### Work instructions
Copy out every record below exactly as written, but leave out any pictures.

START Supplied data

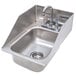 A stainless steel Advance Tabco drop-in sink with a faucet.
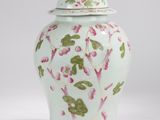 un vase vert et rose avec un couvercle sur fond blanc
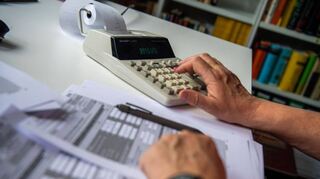 Ein Rentner füllt seine Steuererklärung fürs Finanzamt aus und tippt zur Berechnung Zahlen in einen Tischrechner.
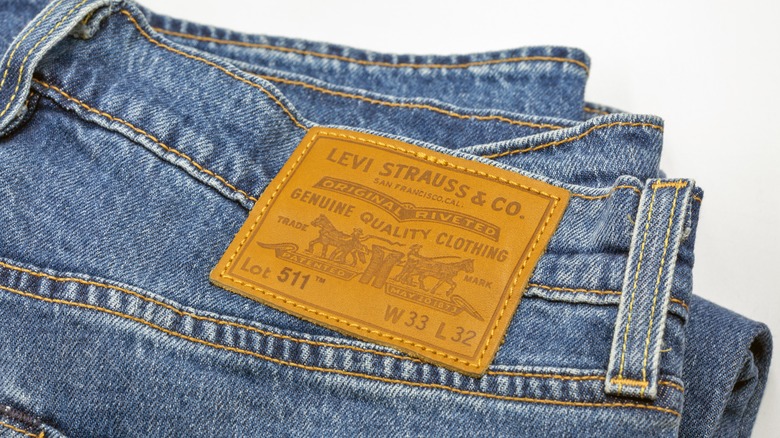 Close up of folded pair of Levi's Jeans with vintage leather patch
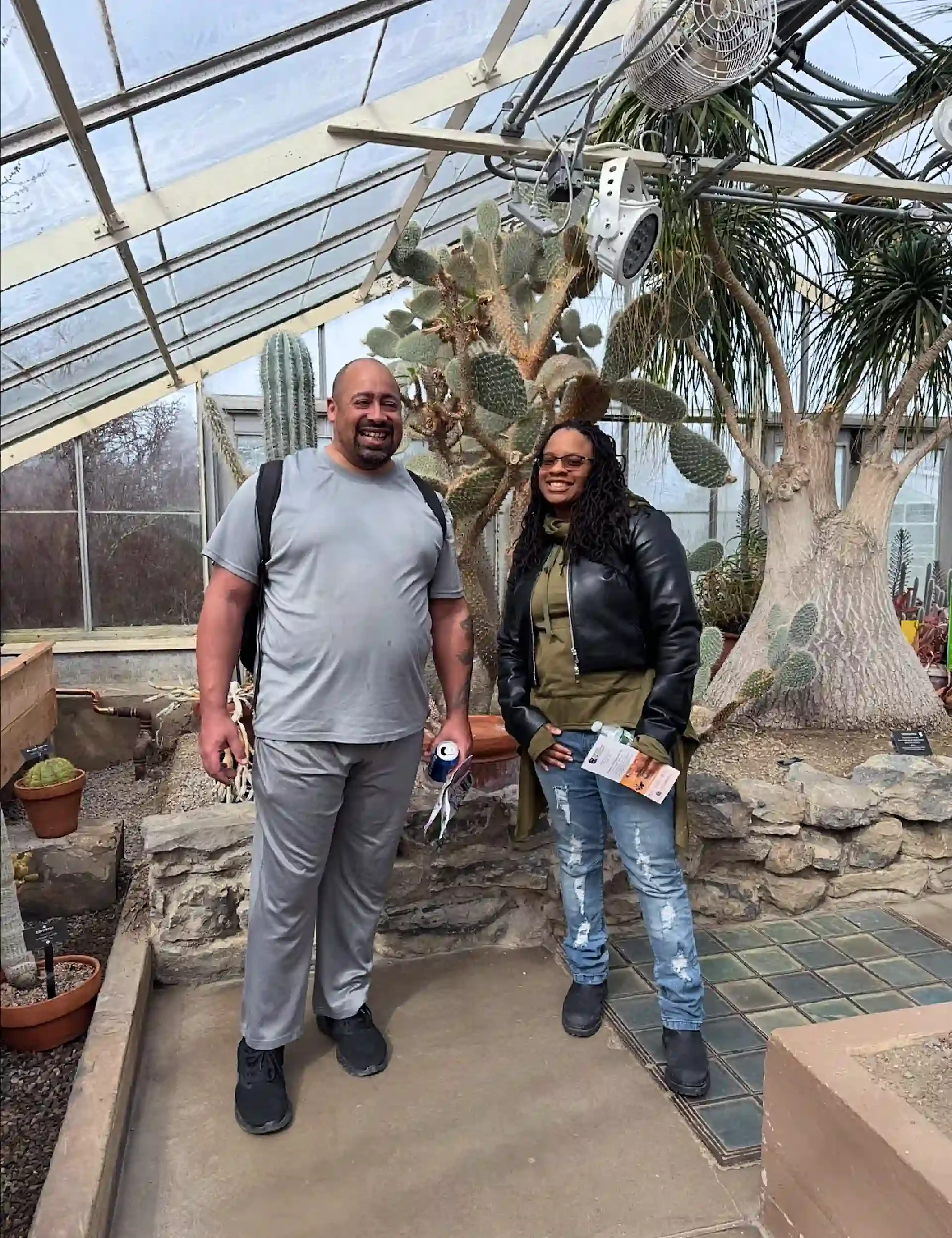 Two people smiling inside a greenhouse surrounded by large cacti and succulents.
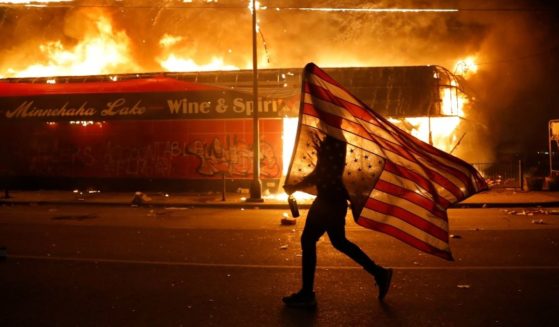 A protester carries a U.S. flag upside down next to a burning building in Minneapolis on May 28, 2020, during riots over the death of George Floyd.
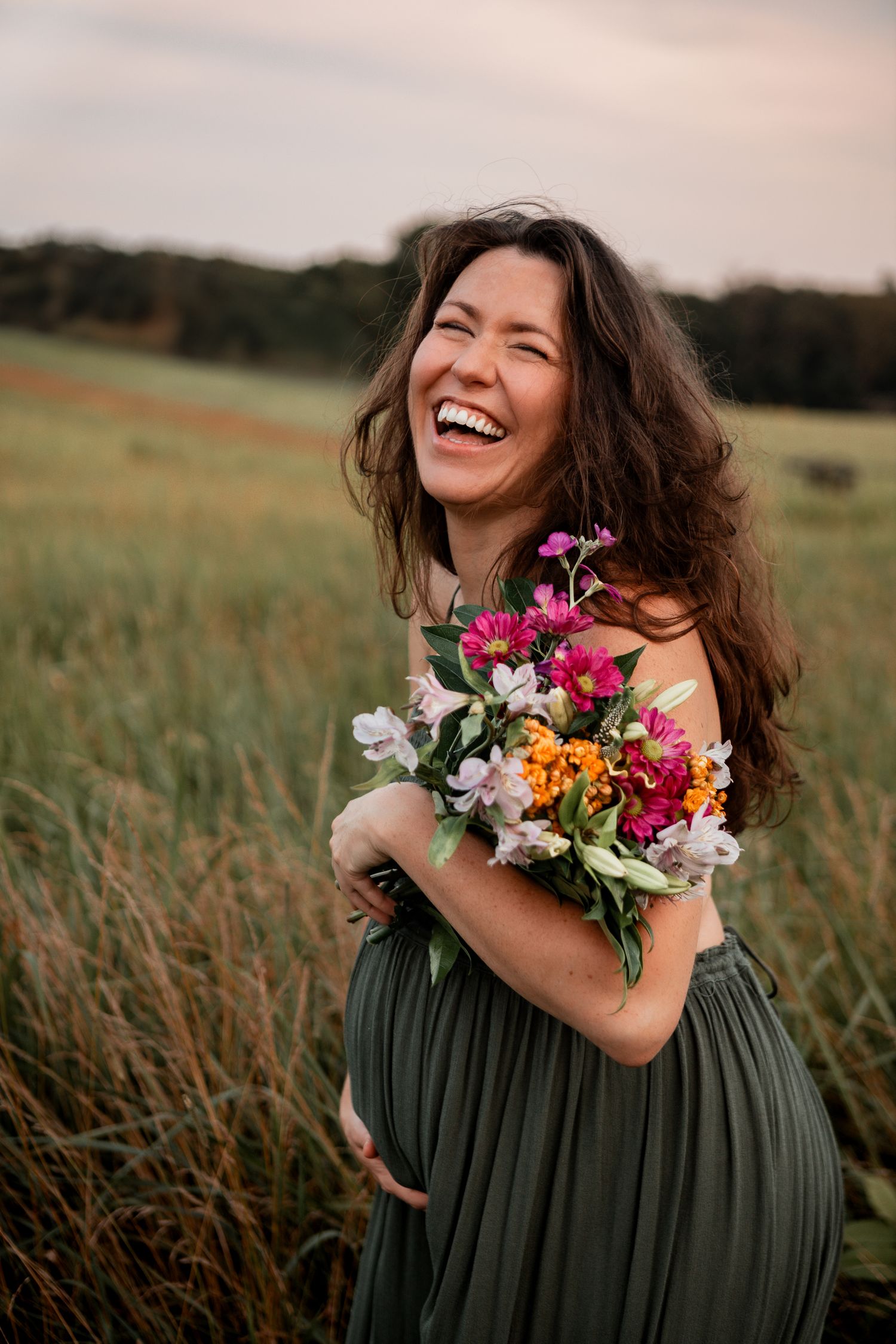 A joyful moment captured in a field at sunset with a vibrant bouquet of colorful wildflowers.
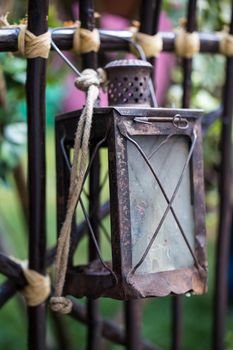 Antique rusty metal lantern hanging on a fence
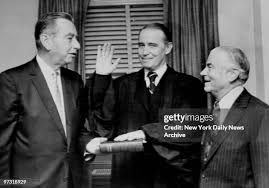 Judge Owen McGivern being sworn in by Gov. Malcolm Wilson and Mayor... News  Photo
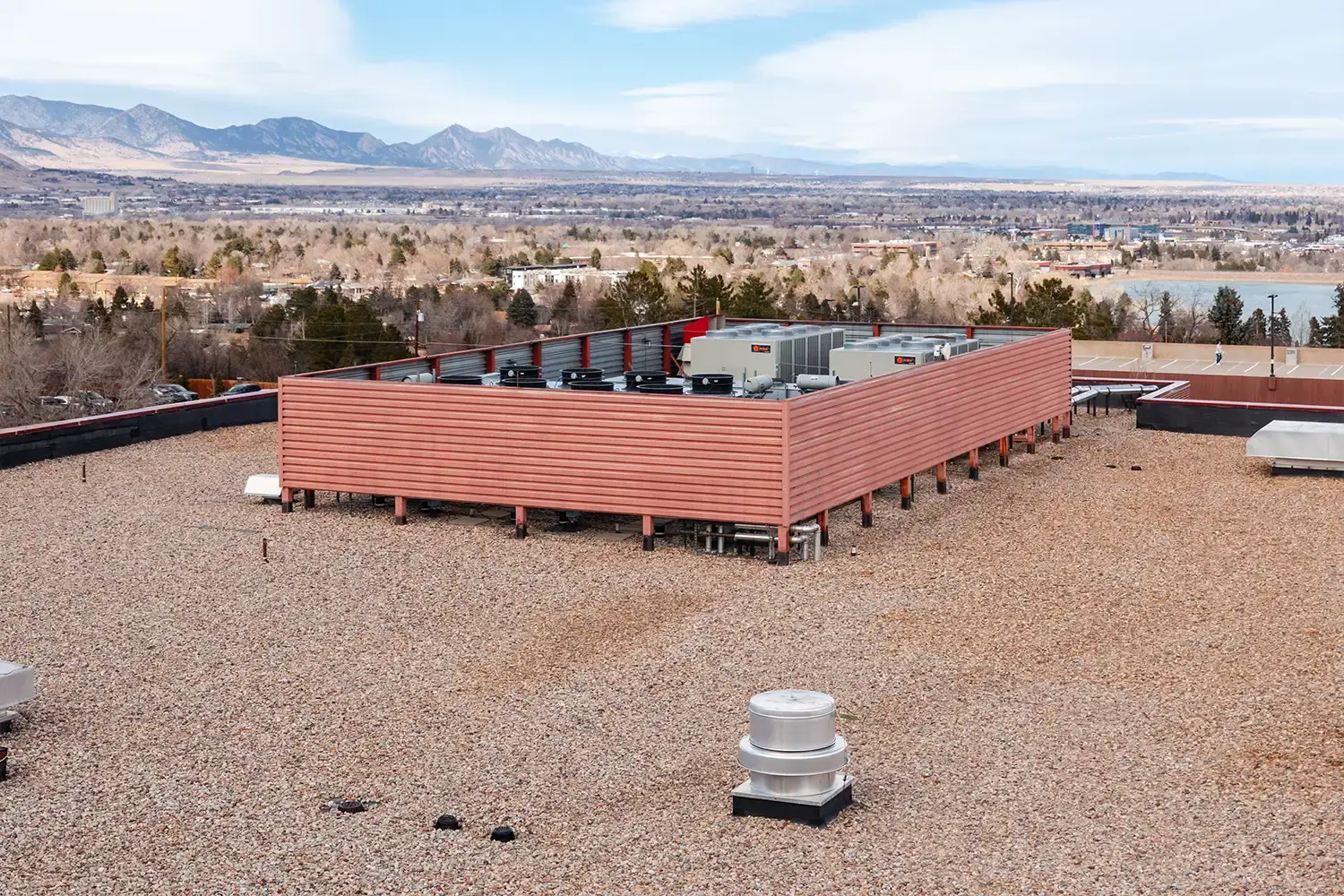 Rooftop HVAC units enclosed by a wooden fence on a gravel-covered building roof with a city and mountain landscape in the background.
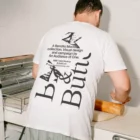 Baker t-shirt mockup from the Bread & Butter collection where a person is using a rolling pin on dough.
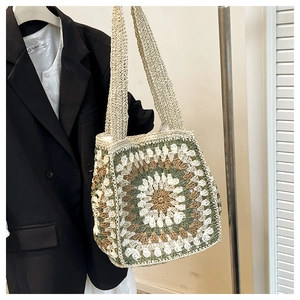 Macro view of floral crochet patterns and cotton texture on this granny square tote bag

END Supplied data

### Answer box
 A stainless steel Advance Tabco drop-in sink with a faucet.
 un vase vert et rose avec un couvercle sur fond blanc
 Ein Rentner füllt seine Steuererklärung fürs Finanzamt aus und tippt zur Berechnung Zahlen in einen Tischrechner.
 Close up of folded pair of Levi's Jeans with vintage leather patch
 Two people smiling inside a greenhouse surrounded by large cacti and succulents.
 A protester carries a U.S. flag upside down next to a burning building in Minneapolis on May 28, 2020, during riots over the death of George Floyd.
 A joyful moment captured in a field at sunset with a vibrant bouquet of colorful wildflowers.
 Antique rusty metal lantern hanging on a fence
 Judge Owen McGivern being sworn in by Gov. Malcolm Wilson and Mayor... News  Photo
 Rooftop HVAC units enclosed by a wooden fence on a gravel-covered building roof with a city and mountain landscape in the background.
 Baker t-shirt mockup from the Bread & Butter collection where a person is using a rolling pin on dough.
 Macro view of floral crochet patterns and cotton texture on this granny square tote bag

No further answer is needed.